I've brewed this wee heavy before and I thought it was good so I deiced to try my hand at this recipe again and keg it.  The term "Wee Heavy" is just another name for a Scottish Strong Ale.  This wee heavy has some peat smoked malt that imparts a subtle smokiness to the beer and stylistically has lower carbonation closer to English style beers.  Scotland, as one might imagine, has a rich brewing history. Ancient Greek explorers even commented on the fact that the inhabitants of Caledonia (Ancient Scotland) were skilled in the art of brewing a potent beverage.  The Scots had a unique way of distinguishing beer style by price.  Scottish beers were separated and named by price (shilling).  It was largely understood that:

(60/-) was under 3.5% abv
(70/-) was between 3.5% and 4.0% abv
(80/-) was between 4.0% and 5.5% abv
Wee heavy
(90/-) was over 6.0% abv
(/- is read as "shilling" or "bob" as in "a pint of eighty-bob, please")

Mash in was 170*F (Strike) to hit 154*F and kept it for 60 mins (1 qt/lb).  Mash went smooth and mostly uneventful except that the addition of 6 gals of sparge water (1.47 qt/lb) caused my 10 gal mash-tun to overflow a bit.  Evidently I need to fix that in my program (beer tools pro).  The program has seemed to stop calculating water level in containing vessel.  There was a lot of grain on this one (16.3 lbs) so that's why the sparge water was a bit over the mash-tun.  
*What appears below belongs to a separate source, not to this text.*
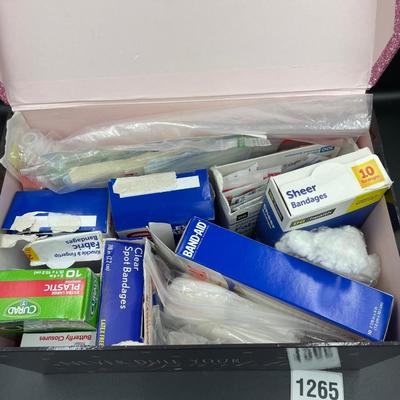 Band aid assortment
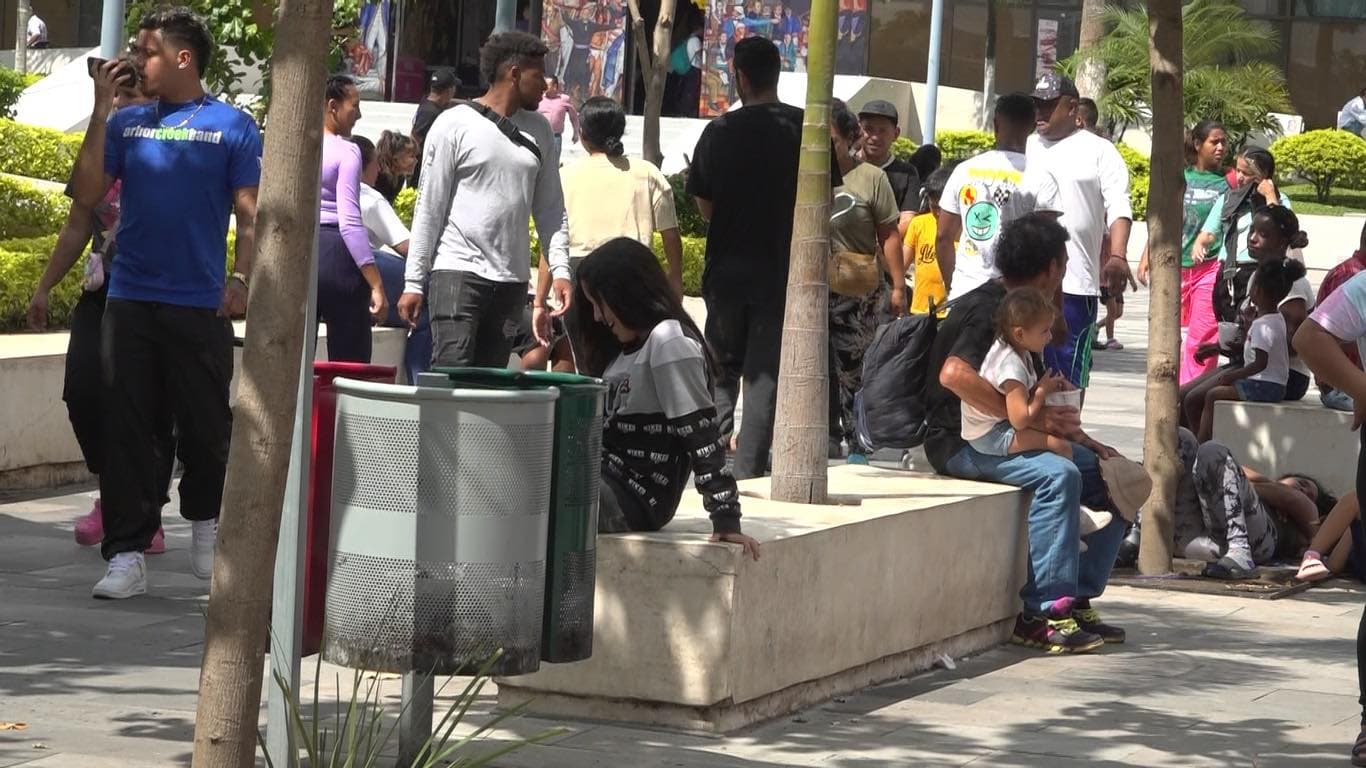 Migrantes abandonan parques y calles en Tapachula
My eff. was fairly good for such a big batch  (69%).  Was shooting for 65%.  Started at 7.9-8 gals pre-boil vol.  Boiled for about 80 mins down to around 5.25 gals.  I did end-up adding a late addition of 1.5 lbs of light DME to the boil.  That puts me at 1.091 starting gravity.  The final gravity on this beer should be higher (Maybe around 1.023).  So I figure it will weigh in around 8.7-9% ABV.

New Plate Counter Flow Chiller
My new counter-flow plate chiller worked like a charm.  Went from boiling to around 60*F with-in 20 mins.  Transferred the wort to my 6.5 gal carboy added O2 and pitched my 1.5 quart starter from my stir plate.  Ferment around 63-65*F for about 7 days.  Then I'll raise to 70*F for another 7 days and keg.